For more than 65 years, a sign stood sentry over a Grand Marais gas station along Hwy. 61. Now the red, white and blue Holiday insignia is on the ground, out of sight, and the owner of the station is suing the state to put it back up.
The Minnesota Department of Transportation, now undertaking a major reconstruction project on the highway, issued a violation notice to Mike's Holiday Inc. in October last year, saying the sign is an "encroachment" onto the public right of way despite standing on its angled blue signpost since 1953.
In April, owners Michael and Darlene Quaife obliged, and the business told customers on Facebook "we are required to remove it for them to complete the Hwy. 61 project over the next two years."
"While we are hoping they will eventually allow us to put it back up, we are deeply saddened to see it come down."
In May the store sued the state and the city, saying the sign is "integral to plaintiff's ongoing business operations" and that for decades the state "respected plaintiff's placement of the sign" and made no objections to it.
The dispute boils down to a border battle over the actual property lines between the business and the public right of way.
The suit is asking a judge to set the boundary at the southern edge of where the sign stood, award attorneys' fees and any "further relief that the court deems just and equitable."

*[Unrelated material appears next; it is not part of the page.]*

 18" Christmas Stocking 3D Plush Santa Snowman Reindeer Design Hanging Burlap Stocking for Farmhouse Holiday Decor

The state will ask the court to dismiss the case in August, it said in a filing last month.
Tyson Smith, an attorney for the Holiday store owners, said he wouldn't comment on the case while it is pending and advised his clients not to as well.

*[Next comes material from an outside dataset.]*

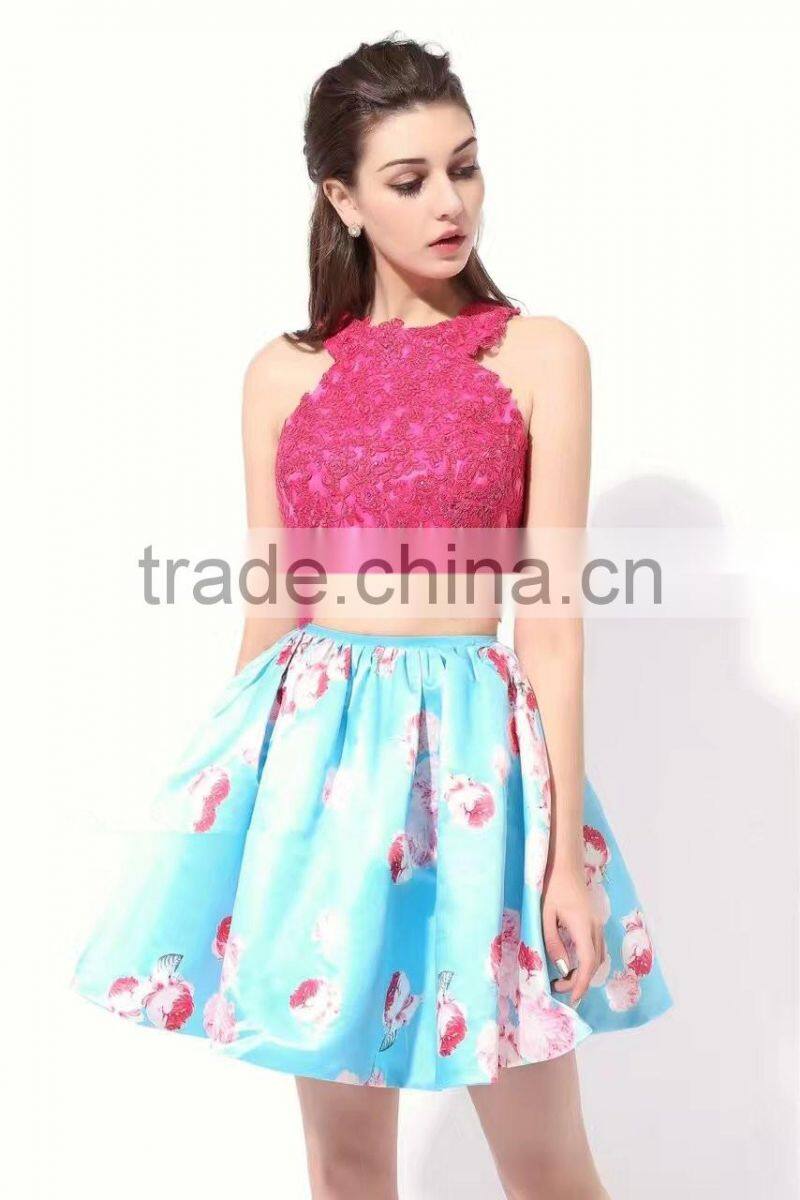 New Fashion SexyTwo Piece Suits Stretch Lace with beading evening &prom dressED579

Smith is representing a number of other Grand Marais businesses in an eminent domain case launched by the state last fall that sought temporary easements along the highway.
An easement near the Holiday station was granted in March and is set to expire by Dec. 1, 2022, according to court filings.
The sign post was one of the last two original Holiday posts left, according to the store.
Construction on Hwy. 61 will limit visibility and access to the gas station through next year.
The suit seeks to identify the property boundary that existed before highway construction since the roadwork will "obliterate evidence of the common boundary" due to new sidewalks, curbs and surfaces.
The store can't "adequately assert its rights after the structures and improvements showing the common boundary have been destroyed," the complaint states.
Cook County District Court Judge Michael J. Cuzzo will hear the state's motion to dismiss on Aug. 25.